Task directions: Reproduction of part of the material below, pictures omitted: copy exactly, and only, the lines starting with the one with "Invitation 80e fête" and going on through the one with "Dirk - details".

Given data:
== Segment start ==

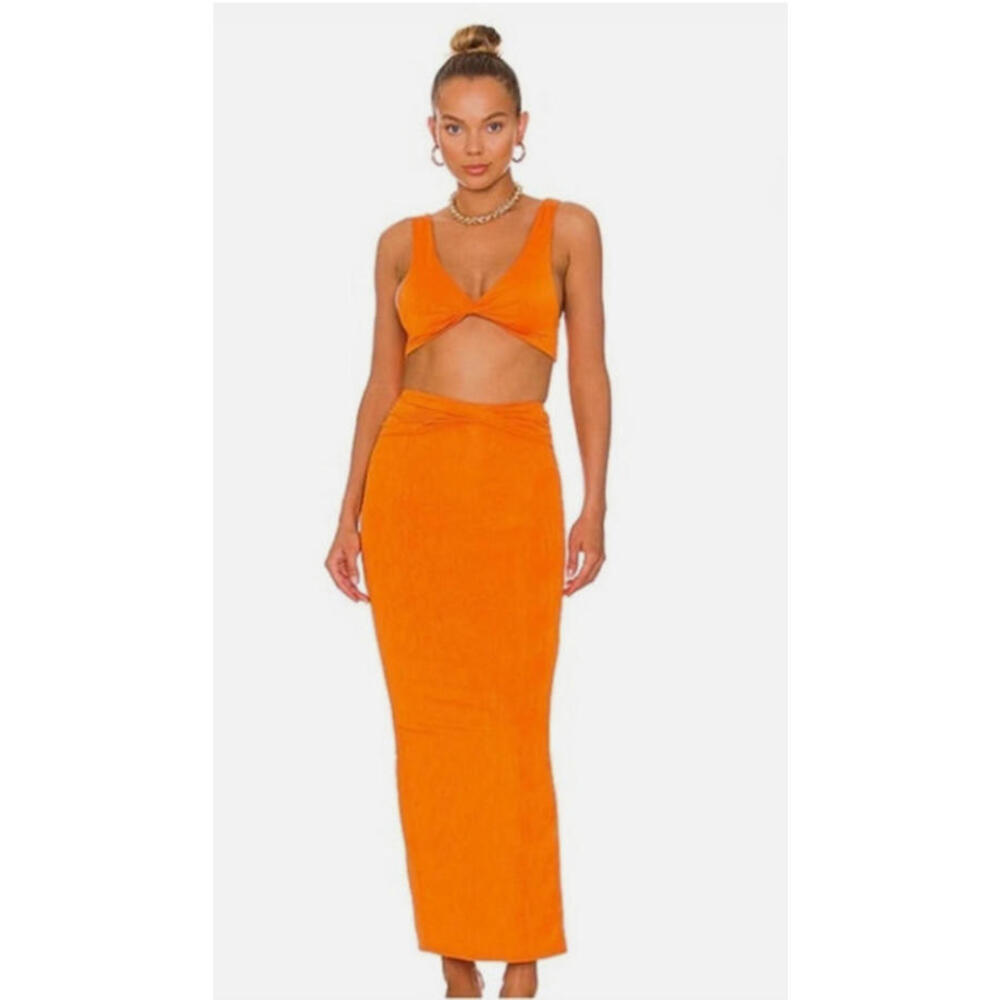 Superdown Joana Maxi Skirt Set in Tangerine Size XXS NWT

== Segment end ==
== Segment start ==

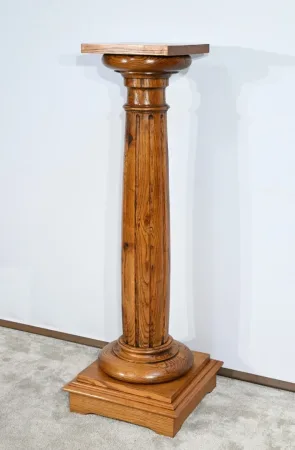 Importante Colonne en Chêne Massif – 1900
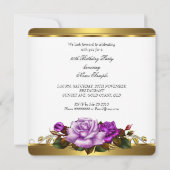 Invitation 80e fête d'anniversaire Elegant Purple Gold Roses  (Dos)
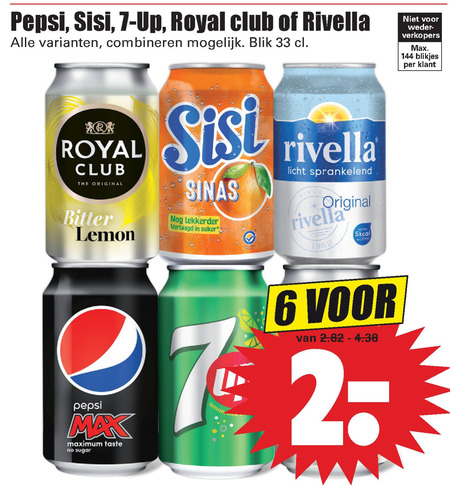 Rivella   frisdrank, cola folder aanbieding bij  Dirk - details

== Segment end ==

Reply to the exercise:
 Invitation 80e fête d'anniversaire Elegant Purple Gold Roses  (Dos)
 Rivella   frisdrank, cola folder aanbieding bij  Dirk - details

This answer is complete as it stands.